### RECORDS FOR THIS EXERCISE
+++

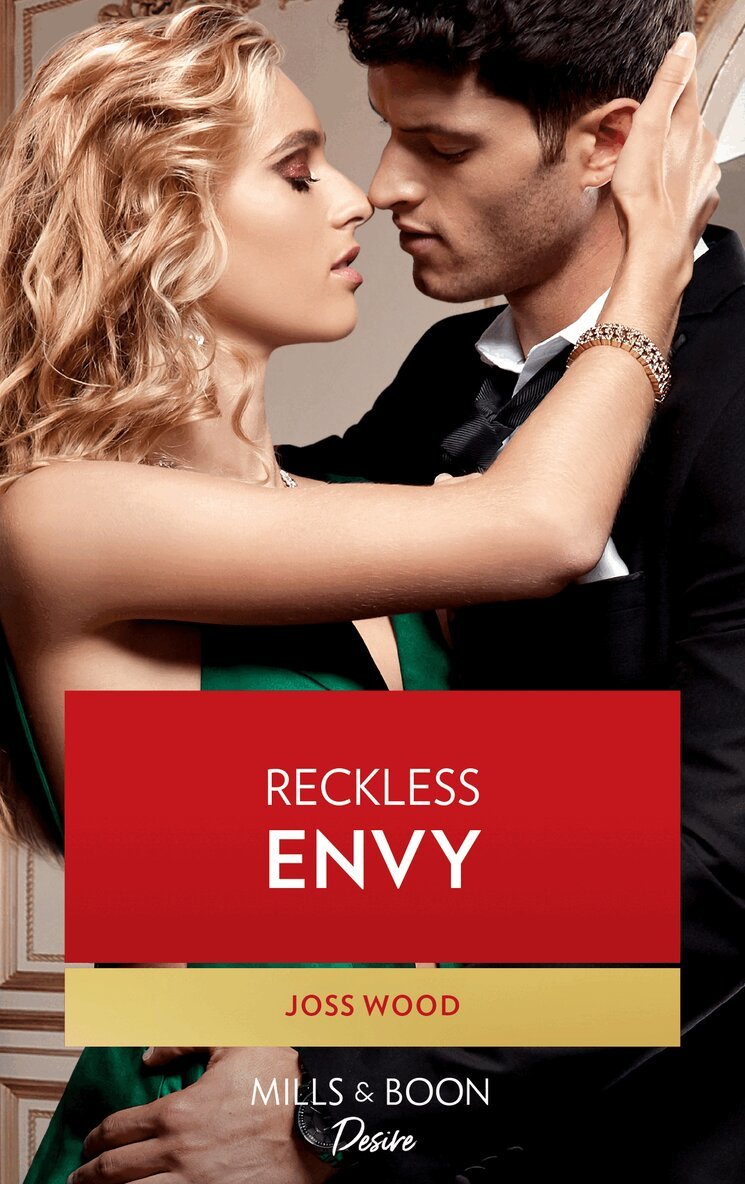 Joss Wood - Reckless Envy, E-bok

+++

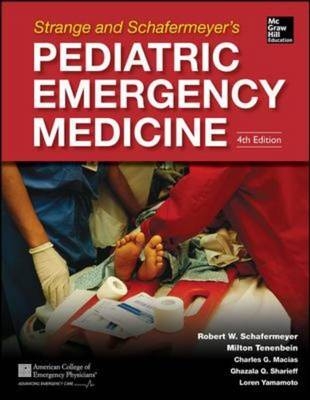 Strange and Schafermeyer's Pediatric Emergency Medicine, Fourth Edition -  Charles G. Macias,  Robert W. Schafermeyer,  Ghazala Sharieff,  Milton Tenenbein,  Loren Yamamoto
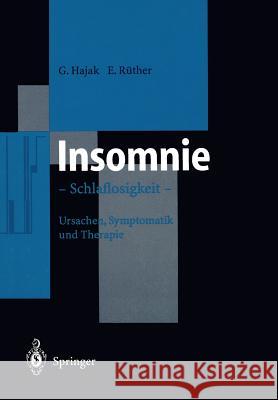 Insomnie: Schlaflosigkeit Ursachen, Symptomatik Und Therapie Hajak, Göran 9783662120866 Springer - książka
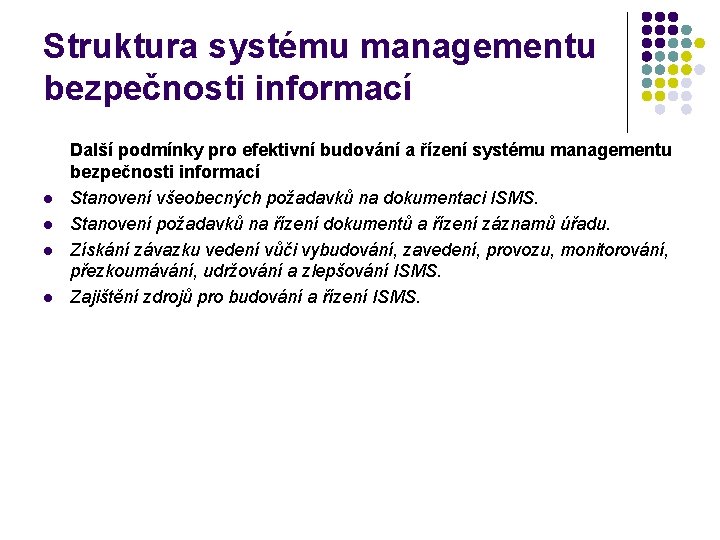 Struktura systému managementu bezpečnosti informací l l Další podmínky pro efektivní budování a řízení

+++

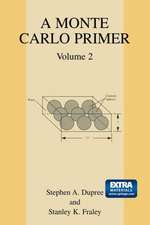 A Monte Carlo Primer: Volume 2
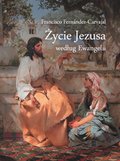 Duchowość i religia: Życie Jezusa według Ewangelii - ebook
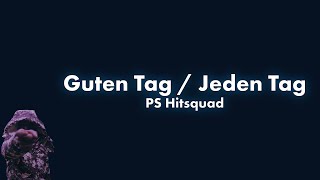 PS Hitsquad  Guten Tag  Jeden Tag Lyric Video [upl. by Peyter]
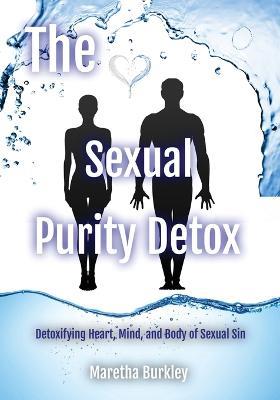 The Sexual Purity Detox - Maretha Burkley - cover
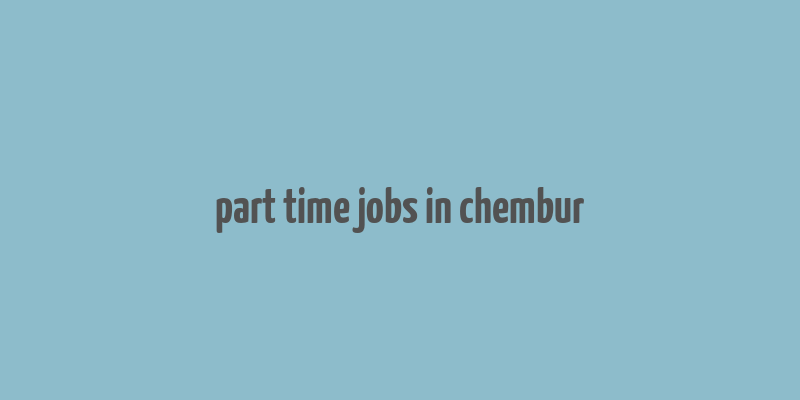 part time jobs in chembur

+++

### WHAT THE TASK ASKS
Set the pictures aside and reproduce exactly the lines above, from the line holding "The Sexual Purity" through the line holding "part time jobs in chembur", both included, with nothing else.

### SOLUTION TO THIS EXERCISE
 The Sexual Purity Detox - Maretha Burkley - cover
 part time jobs in chembur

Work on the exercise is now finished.